I don't understand the difference between the two. I know what the numbers mean but I don't understand when to use which convention. Are there names for these two conventions?

• Could you show the table or link to it? – Karsten Theis Apr 28 '19 at 15:59

Periodic tables of elements (PTEs) are often abused by designers. Books are more trustworthy as long as they are written by scientists. Long story short, the second notation $$(\ce{^{12}_{6}C})$$ is the correct one. There is an easy to remember AZE notation: $$^A_Z\ce{E}$$.

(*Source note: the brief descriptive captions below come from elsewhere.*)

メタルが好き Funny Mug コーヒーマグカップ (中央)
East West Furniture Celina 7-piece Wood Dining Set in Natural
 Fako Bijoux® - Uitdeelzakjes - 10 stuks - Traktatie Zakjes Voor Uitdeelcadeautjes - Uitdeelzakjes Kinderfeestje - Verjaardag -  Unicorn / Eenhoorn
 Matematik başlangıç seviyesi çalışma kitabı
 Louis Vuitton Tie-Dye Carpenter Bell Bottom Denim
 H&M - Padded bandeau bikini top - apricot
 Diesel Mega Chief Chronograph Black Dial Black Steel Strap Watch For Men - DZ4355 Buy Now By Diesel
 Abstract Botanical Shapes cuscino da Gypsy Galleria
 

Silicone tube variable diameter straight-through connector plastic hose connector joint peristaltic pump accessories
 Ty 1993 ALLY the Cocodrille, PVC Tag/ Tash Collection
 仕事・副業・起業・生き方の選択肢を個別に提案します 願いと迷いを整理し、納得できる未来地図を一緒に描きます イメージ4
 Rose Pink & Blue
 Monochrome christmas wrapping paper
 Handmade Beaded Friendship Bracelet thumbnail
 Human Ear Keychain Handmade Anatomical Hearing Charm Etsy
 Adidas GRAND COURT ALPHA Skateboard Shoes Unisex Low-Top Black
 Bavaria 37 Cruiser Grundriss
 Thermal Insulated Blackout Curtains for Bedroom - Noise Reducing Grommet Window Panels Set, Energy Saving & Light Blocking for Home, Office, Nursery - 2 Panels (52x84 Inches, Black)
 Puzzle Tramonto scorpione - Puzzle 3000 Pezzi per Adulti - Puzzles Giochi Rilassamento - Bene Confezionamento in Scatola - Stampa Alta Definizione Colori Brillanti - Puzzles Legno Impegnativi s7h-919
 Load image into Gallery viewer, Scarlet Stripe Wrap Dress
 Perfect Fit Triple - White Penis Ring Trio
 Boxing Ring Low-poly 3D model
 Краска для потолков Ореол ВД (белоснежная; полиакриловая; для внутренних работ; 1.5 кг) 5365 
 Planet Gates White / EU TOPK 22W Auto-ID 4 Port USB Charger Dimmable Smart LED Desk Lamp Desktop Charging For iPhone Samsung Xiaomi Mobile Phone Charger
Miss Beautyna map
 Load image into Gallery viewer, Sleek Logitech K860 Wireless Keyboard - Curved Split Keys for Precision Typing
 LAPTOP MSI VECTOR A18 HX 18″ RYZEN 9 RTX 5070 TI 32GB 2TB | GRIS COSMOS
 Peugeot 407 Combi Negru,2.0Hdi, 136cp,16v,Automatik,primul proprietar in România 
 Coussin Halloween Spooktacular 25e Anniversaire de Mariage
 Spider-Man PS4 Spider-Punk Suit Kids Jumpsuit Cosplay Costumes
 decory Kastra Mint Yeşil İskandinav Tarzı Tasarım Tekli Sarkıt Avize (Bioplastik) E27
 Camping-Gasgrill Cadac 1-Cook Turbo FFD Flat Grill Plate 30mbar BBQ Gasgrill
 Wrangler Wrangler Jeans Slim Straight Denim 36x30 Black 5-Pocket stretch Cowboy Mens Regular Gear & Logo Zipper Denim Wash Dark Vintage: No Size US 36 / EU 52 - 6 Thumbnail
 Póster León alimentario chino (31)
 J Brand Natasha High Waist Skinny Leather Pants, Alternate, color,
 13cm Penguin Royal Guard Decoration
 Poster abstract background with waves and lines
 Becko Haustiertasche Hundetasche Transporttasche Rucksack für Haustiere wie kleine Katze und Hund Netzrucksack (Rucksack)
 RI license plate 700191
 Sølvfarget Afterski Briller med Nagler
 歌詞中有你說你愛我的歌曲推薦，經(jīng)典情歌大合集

I suspect the PTE you were looking at lists standard (averaged) atomic weights of the elements $$A_\mathrm{r}$$ rounded to the nearest whole number so it may appear as if those were the mass numbers $$A$$, probably something like this:

* The atomic weights listed on this Table of Elements have been rounded to the nearest whole number. As a result, this chart actually displays the mass number of a speciﬁc isotope for each element. An element's complete, unrounded atomic weight can be found on the It's Elemental website: http://education.jlaborgﬁtselemental/

Note that a good periodic table usually includes a legend which deciphers and justifies designer's choice. Even better example is the Periodic Table of the Elements by NIST. Despite atomic number $$Z$$ also located in the upper left corner of the cell, its location is typographically literate as both $$Z$$ and $$A_\mathrm{r}$$ have distinct place, different typeface and the legend unambiguously denotes which is which:

• @BenCrowell I didn't expect the question to go beyond Chemistry.SE, so I addressed the answer to this community in the first place. But you are right, so I changed "written by chemists" to a more neutral "written by scientists" (I hope it won't hurt feelings of the engineers' community). – andselisk Apr 28 '19 at 23:00
• I would suggest you include the explanation of that asterisk in your first graphic. Without it, the legend Atomic weight = number of protons + number of neutrons isn't quite true. – Dawood ibn Kareem Apr 29 '19 at 5:48
• @DawoodibnKareem I thought I covered this in the second paragraph, but since you think it should be explicitly quoted, I added the info from that PDF. – andselisk Apr 29 '19 at 5:54
• Thanks, yes, that's better. The second paragraph did kind of cover it, but I felt that a newbie might find the distinction unclear. – Dawood ibn Kareem Apr 29 '19 at 6:03

According to the international standard ISO 80000 Quantities and units – Part 9: Physical chemistry and molecular physics (corrected in Amendment 1, 2011-06-01), the attached subscripts and superscripts have the following meanings.

(…)

The nucleon number (mass number) of a nuclide is shown in the left superscript position, as in the following example: $$\mathrm{^{14}N}$$

(…)

The atomic number (proton number) is shown in the left subscript position, as in the following example. $$\mathrm{_{64}Gd}$$

(…)

The same meanings are described in the German standard DIN 1338 (2011).

$$^A_Z\mathrm E_\nu^z$$

This notation is also used in Nomenclature of Inorganic Chemistry – IUPAC Recommendations 2005 (Red Book). Note, however, that this document unfortunately introduced the terrible typographic disaster of the staggered notation for ions (see this question).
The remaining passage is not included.